Her first instrument has always been her voice. Birkenes sang in the church choir at 5, then around town wherever and whenever her mom saw fit: malls, old folks' homes, theaters, even on local television once or twice. At 10, she recorded a cassette of children's classics and shopped it around to gas stations mainly. By 15, she was singing in bars, clearly underage but backed by a band of boys in their 20s. She focused on music in high school, then relocated to London to study drama.
A year later, Birkenes was on her own in England, having left college to chase singing leads. Mostly she spent an endless string of years as a terrible waitress and, after an exploratory trip to Los Angeles, a couple more years sofa-surfing, country-hopping, and racking up credit card debt as she wrote with different producers and shaped her sound into that of the inimitable Mr. Little Jeans we now know.
Like Mr. Little Jeans, a name Birkenes pulled from a character in a Wes Anderson film, Gardens & Villa are also generating buzz on the indie-pop scene. They are fresh off recording their second studio album. The Twilight Concert Series show will be their second live performance after taking a long break to record in a small town in rural Michigan. The boys in the band like their solitude, which partly explains their love of gardening as well. (They formed their name by incorporating the street they lived on, Villa, with their passion for gardening.)
"We like to be where there is no distraction," said Adam Rasmussen, who mans they keys for the group. "Gardening is really a great way to start your day. It really makes you slow down, and the process is quite pure. Just sunlight and water."
Having formed in the quaint surf town of Santa Barbara, the band didn't feel pressure to assimilate or mimic the sounds of others. They let their style form organically. They met in school and gravitated toward one another because of similar interests in film, literature and philosophy.

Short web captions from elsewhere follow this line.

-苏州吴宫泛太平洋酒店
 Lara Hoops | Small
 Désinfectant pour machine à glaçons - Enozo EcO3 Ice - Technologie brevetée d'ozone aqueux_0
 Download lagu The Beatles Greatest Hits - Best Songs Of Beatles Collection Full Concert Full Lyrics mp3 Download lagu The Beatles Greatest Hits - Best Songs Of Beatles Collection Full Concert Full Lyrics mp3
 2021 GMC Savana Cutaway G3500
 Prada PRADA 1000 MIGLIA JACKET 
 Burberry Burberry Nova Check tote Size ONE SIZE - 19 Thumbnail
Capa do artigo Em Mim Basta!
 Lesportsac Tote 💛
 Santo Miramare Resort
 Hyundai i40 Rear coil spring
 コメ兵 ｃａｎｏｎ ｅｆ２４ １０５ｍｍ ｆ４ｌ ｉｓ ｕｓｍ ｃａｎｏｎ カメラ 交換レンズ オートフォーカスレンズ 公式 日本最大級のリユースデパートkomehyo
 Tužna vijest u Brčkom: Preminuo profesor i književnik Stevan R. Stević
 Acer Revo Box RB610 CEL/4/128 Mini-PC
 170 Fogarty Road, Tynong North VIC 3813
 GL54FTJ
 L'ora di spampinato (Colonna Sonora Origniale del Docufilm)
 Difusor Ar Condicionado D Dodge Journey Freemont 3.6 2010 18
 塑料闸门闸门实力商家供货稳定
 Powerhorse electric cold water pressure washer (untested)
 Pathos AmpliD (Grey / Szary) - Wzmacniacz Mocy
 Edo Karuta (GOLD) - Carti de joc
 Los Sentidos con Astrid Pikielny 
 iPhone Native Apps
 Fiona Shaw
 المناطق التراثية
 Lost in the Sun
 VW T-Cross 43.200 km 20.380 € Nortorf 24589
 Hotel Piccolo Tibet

"It just kind of made sense from the get-go," said Rasmussen, who began playing piano at a young age before trying his hand at the bass during his punk phase. "Santa Barbara is this really free place, not like a big city where there are shows every night and you might feel that pressure to take what is popular at the moment. There is a freedom to being removed."
Fans can expect to hear plenty of tracks from their self-entitled debut when they play the Pier, but they will also pull out a few new tracks to see how the audience reacts.
"We didn't reinvent the wheel, but there is definitely a different feel to this album," he said. "We had more time with this one … . The first one feels a little more retro maybe, whereas this record is very cinematic at points. It was nice to have a full month to record as opposed to a week in the studio. We're still mixing [the record] and are kind of living with it, so I think until we have some time away from it and distance to reinterpret it, it will be hard to say what the sound is."
It will certainly have plenty of the synth-driven vibe of the first record but with more layering.
"We're really looking forward to playing at the Pier," said Rasmussen, who remembers as a kid seeing a Cirque de Soleil show there. "It will be interesting to see how people respond. I know from looking at photos my sister takes at the concerts that it looks awesome, the crowd looks really animated and we are fortunate to have this opportunity."